Product Documentation

A Typical Load Balancing Scenario

Aug 23, 2013

In a load balancing setup, the NetScaler appliances are logically located between the client and the server farm, and they manage traffic flow to the servers.

The following figure shows the topology of a basic load balancing configuration.

Figure 1. Basic Load Balancing Topology


The virtual server selects the service and assigns it to serve client requests. Consider the scenario in the preceding figure, where the services service-HTTP-1 and service-HTTP-2 are created and bound to the virtual server named virtual server-LB-1. Virtual server-LB-1 forwards the client request to either service-HTTP-1 or service-HTTP-2. The system selects the service for each request by using the Least Connections load balancing method. The following table lists the names and values of the basic entities that must be configured on the system.

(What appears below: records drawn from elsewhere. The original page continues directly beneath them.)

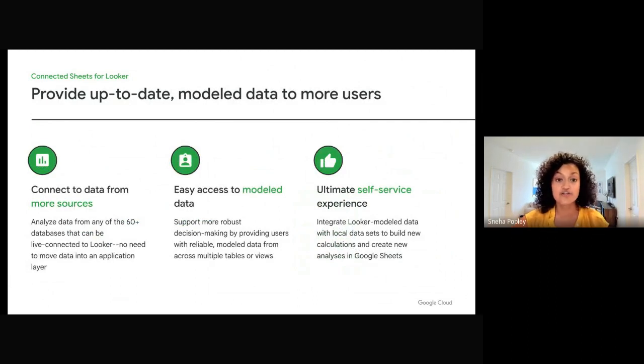With Connected Sheets for Looker, your organization can put fresh model data into the hands of more users. This connectivity brings several benefits. First, users can analyze data from over 60 databases that Looker can connect to, running live queries based on model data and standardized metrics rather than just raw data. Second, users can analyze and make data-driven decisions without learning a new tool, as defined fields, metrics, and joins come into the familiar spreadsheet interface with pivot tables, charts, and formulas. Third, everyone in your organization can do even more with Looker data by combining it with other local data sets for ad hoc analysis, enabling trusted data exploration at all levels.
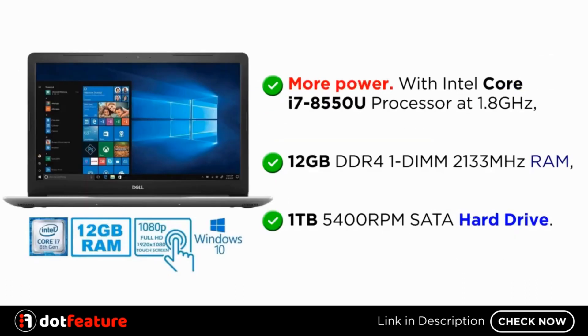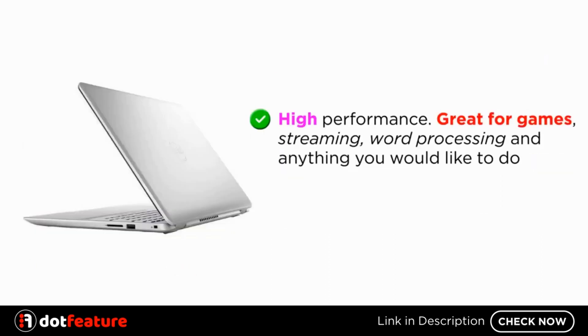More power. With Intel Core i7-8550U processor at 1.8GHz, 12GB DDR4 1-DIMM 2133MHz RAM, 1TB 5400RPM SATA hard drive. High performance. Great for games, streaming, word processing, and anything you would like to do.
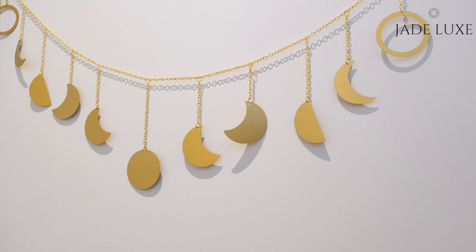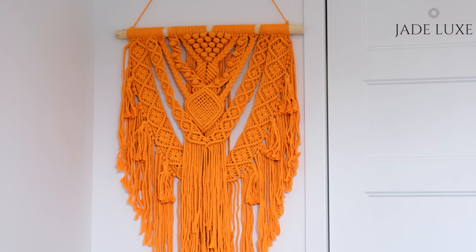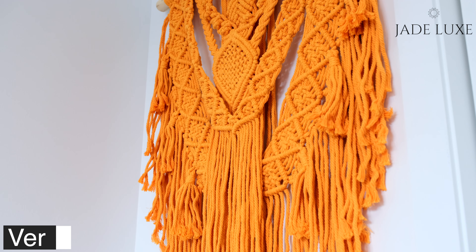The Bohemian Macrame Wall Hanging Décor makes the perfect gift for your family and friends. So if you want to transform your place into a boho chic oasis, purchase Jade Luxe Macrame Wall Hanging Art today.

Table 1. LB Configuration Parameter Values
Entity Type Required parameters and sample values
Name IP Address Port Protocol
Virtual Server vserver-LB-1 10.102.29.60 80 HTTP
Services service-HTTP-1 10.102.29.5 8083 HTTP
service-HTTP-2 10.102.29.6 80 HTTP
Monitors Default None None None

The following figure shows the load balancing sample values and required parameters that are described in the preceding table.

Figure 2. Load Balancing Entity Model

The following tables list the commands used to configure this load balancing setup by using the command line interface.

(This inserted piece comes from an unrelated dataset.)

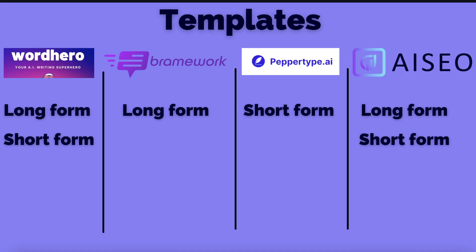Now let's take a look at the templates included in all of these AI copywriters. WordHero and AI SEO are the only two that have both long form and short form templates. PepperType AI currently only has short form templates, but they are creating long form templates and a long form editor, so this will change in the future. Brainwork only has templates for long form content such as blog posts, ebooks, and articles. While long form is usually what you'd use an AI copywriter for, it is nice to have short form templates as well. So I'd give it to WordHero and AI SEO as having the best templates on this list.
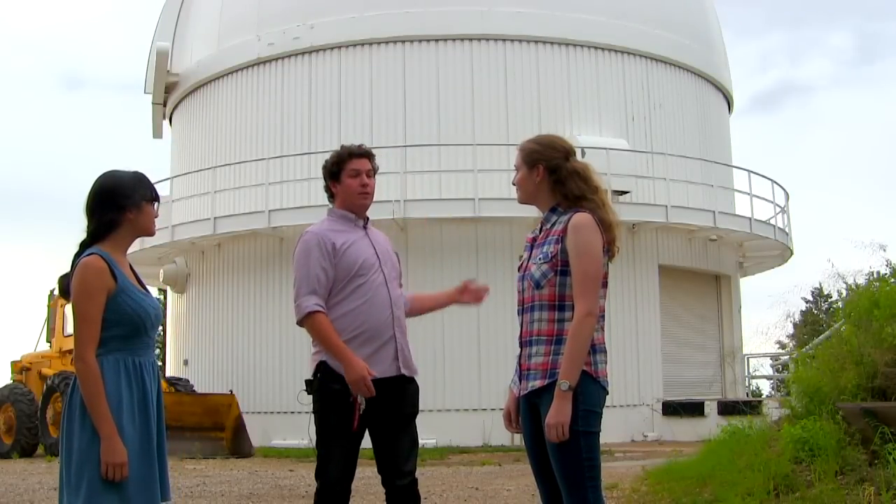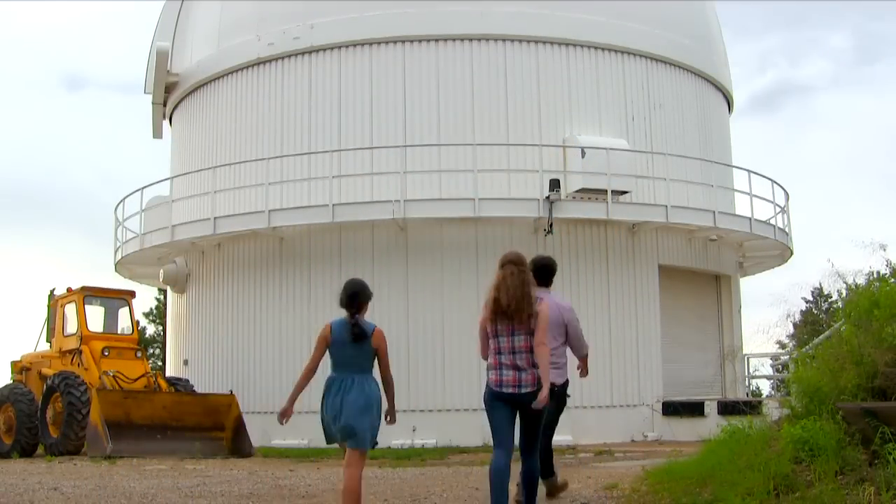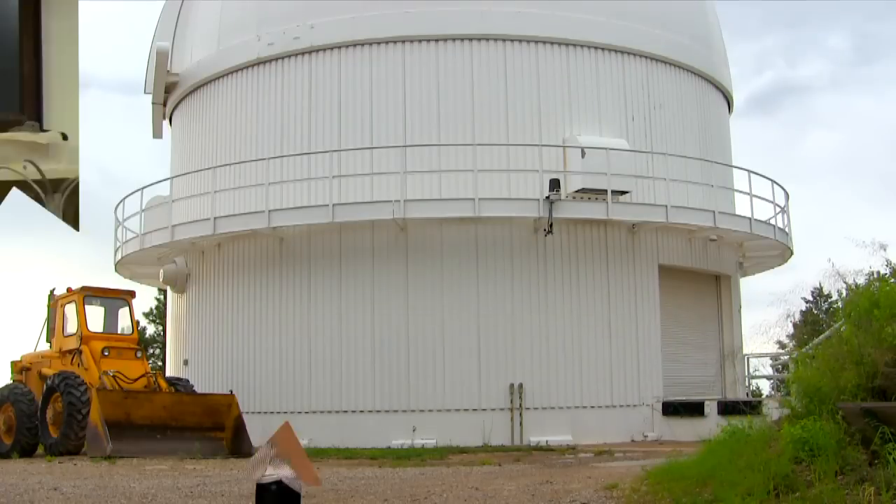Here we are — the Kuiper 61-inch telescope on Mount Bigelow. Let's go inside. This is the control room. This is where astronomers spend a lot of their time during observation runs. But where's the telescope? Oh, that's upstairs. Want to go see it? Sure. Come on.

Table 2. Initial Configuration Tasks
Task Command
To enable load balancing enable feature lb
To create a service named service-HTTP-1 add service service-HTTP-1 10.102.29.5 HTTP 80
To create a service named service-HTTP-2 add service service-HTTP-2 10.102.29.6 HTTP 80
To create a virtual server named vserver-LB-1 add lb vserver vserver-LB-1 HTTP 10.102.29.60 80
To bind a service named service-HTTP-1 to a virtual server named vserver-LB-1 bind lb vserver vserver-LB-1 service-HTTP-1
To bind a service named service-HTTP-2 to a virtual server named vserver-LB-1 bind lb vserver vserver-LB-1 service-HTTP-2

For more information about the initial configuration tasks, see "Enabling Load Balancing" and "Configuring Services and a Vserver."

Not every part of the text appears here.